__Assigned task__
Print the listing below exactly, images excluded.

__Collected data__
────────────────
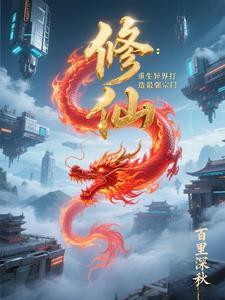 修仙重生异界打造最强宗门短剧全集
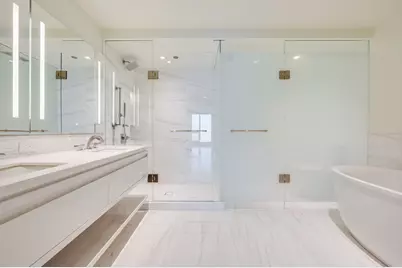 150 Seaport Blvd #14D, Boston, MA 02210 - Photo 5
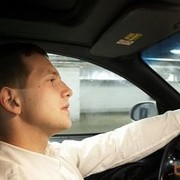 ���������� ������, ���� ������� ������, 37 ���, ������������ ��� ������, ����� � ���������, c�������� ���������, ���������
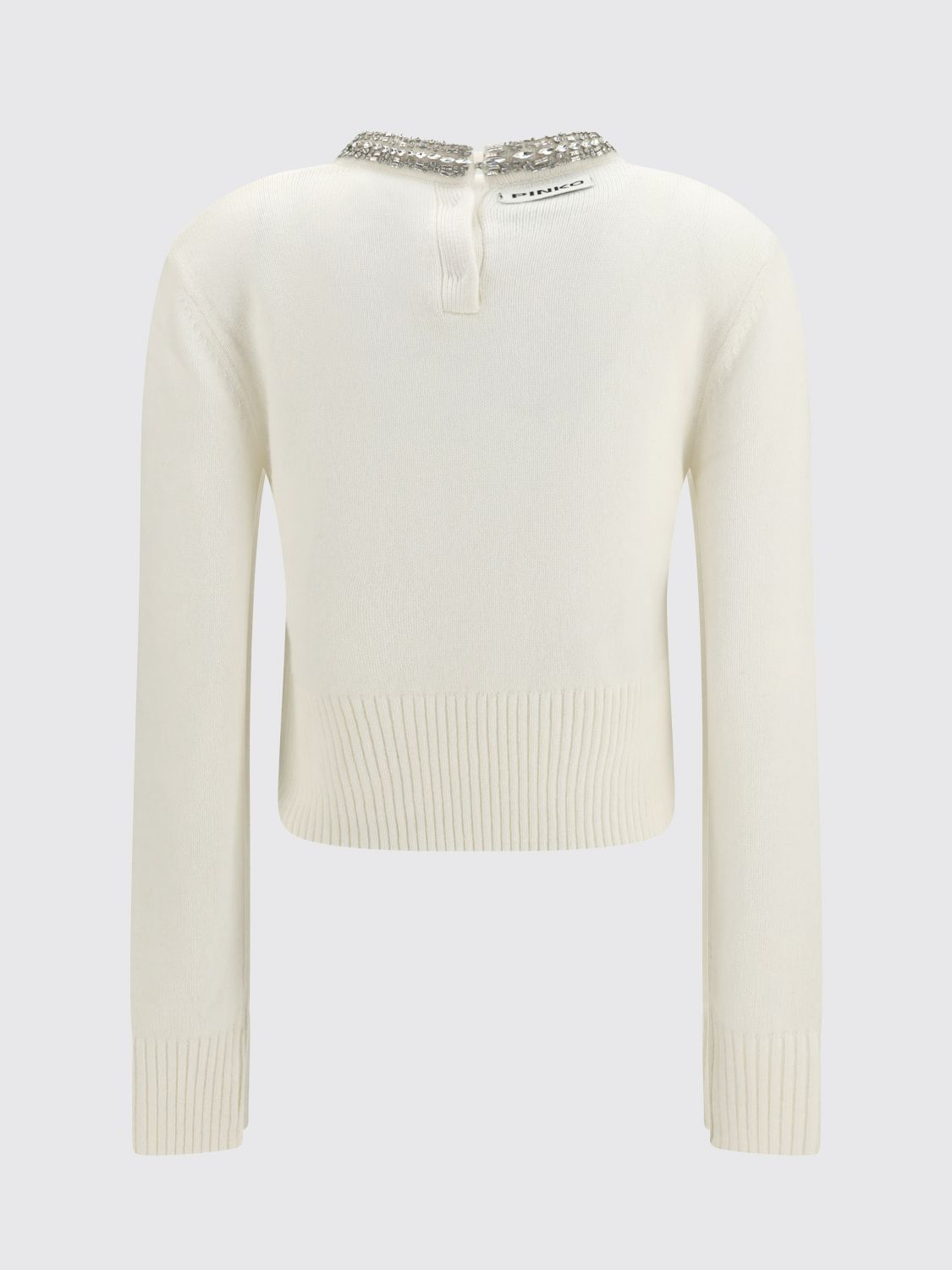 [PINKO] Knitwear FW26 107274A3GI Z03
────────────────
__Reply to the task__
 修仙重生异界打造最强宗门短剧全集
 150 Seaport Blvd #14D, Boston, MA 02210 - Photo 5
 ���������� ������, ���� ������� ������, 37 ���, ������������ ��� ������, ����� � ���������, c�������� ���������, ���������
 [PINKO] Knitwear FW26 107274A3GI Z03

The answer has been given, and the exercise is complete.